Nature and Society
June-July 2008 edition
Book review:
“Peak Everything - Waking up to the century of declines”
Richard Heinberg
New Society Publishers, Canada 2007
214 pages. $45.95 hard cover.
Richard Heinberg’s first book on Peak Oil The Party’s Over was, for me at least, a significant book. His subsequent books on the subject, PowerDown and The Oil Depletion Protocol, were hardly less important. But often when I mentioned Peak Oil to people and expressed concerns about possible economic meltdown, they would reply: “Oh, but there’s plenty of coal”.
As the title of this, Heinberg’s latest book, suggests, well, it ain’t necessarily so. He argues that conventional oil production probably peaked in 2005-6 and natural gas will peak globally around 2010. But contrary to what we had believed, namely, that coal would last at current usage rates for another 200 years, recent studies have shown that coal will peak and begin to decline in a mere 10 to 20 years.
But, as he says, it doesn’t end there. This century we will see an end to growth and a decline in a number of parameters including population, grain production, uranium production, fresh water availability, arable land, wild fish harvests, and the yearly extraction of some metals and minerals such as copper and zinc.
In other words, as Heinberg notes, we are at the end of the period of greatest material abundance in human history, one that was based on temporary sources of cheap energy, and we are now at the beginning of overall societal contraction and simplification.
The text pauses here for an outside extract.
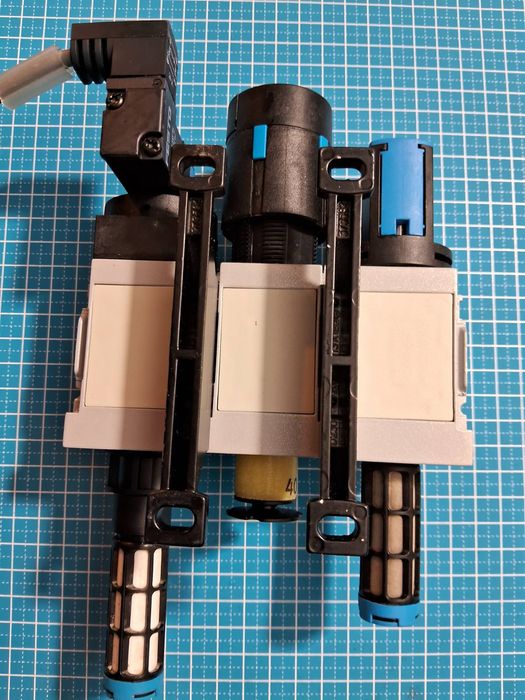 Система підготовки повітря Festo MS4-lfr-1/4 фільтр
It had to happen sometime, of course. Growth in population and consumption cannot continue unabated on a finite planet.
It need not be all doom and gloom, Heinberg insists. He reminds us of Ivan Illich’s 1974 book Energy and Equity that argued that inequality increases with the flow of energy through society. Hunter-gatherers, who lived on minimal energy flows, lived in societies free from economic inequalities. Thus, as energy declines, we might reasonably expect a more economically equal society. Indeed, a reversion to village life with extended families and local food production – but with a few modern frills such as global communications – could provide future generations with an existence that current generations would envy.
Heinberg concludes that our central survival task for the decades ahead is to make the transition away from the use of fossil fuels and ‘to do it as peacefully, equitably and intelligently as possible’.
There are, however, two problems whose potential consequences outweigh all others: climate change and energy depletion. If we do nothing about the former we will set off positive feedbacks, particularly the melting of the north polar ice cap reducing reflectivity and the melting of tundra and permafrost releasing methane, resulting in perhaps six degrees of warming and a largely uninhabitable planet. If we do not proactively reduce our reliance on oil, gas and coal ahead of depletion and scarcity, we could trigger economic collapse, famine, and war over remaining resources. As Heinberg notes, all that is required for these worst-case scenarios to materialise is for world leaders to do nothing.
So how do we achieve this great transition to an energy-depleted world? Heinberg says it will require ‘enormous adjustments on the part of every individual, family and community’ and if we are to make these adjustments successfully, then we need to plan rationally. We have to adopt strategies in nearly every area of human interest - agriculture, transportation, global war and peace, public health, resource management and so on.
In a later chapter, Population, Resources and Human Idealism, Heinberg elaborates on this axiom, arguing that if we want peace, democracy and human rights we must create the ecological condition for these things to exist, namely, a stable population at – or less than – the environment’s long-term carrying capacity.
This is another important, readable, authoritative book from Heinberg. Buy it, read it and share it around.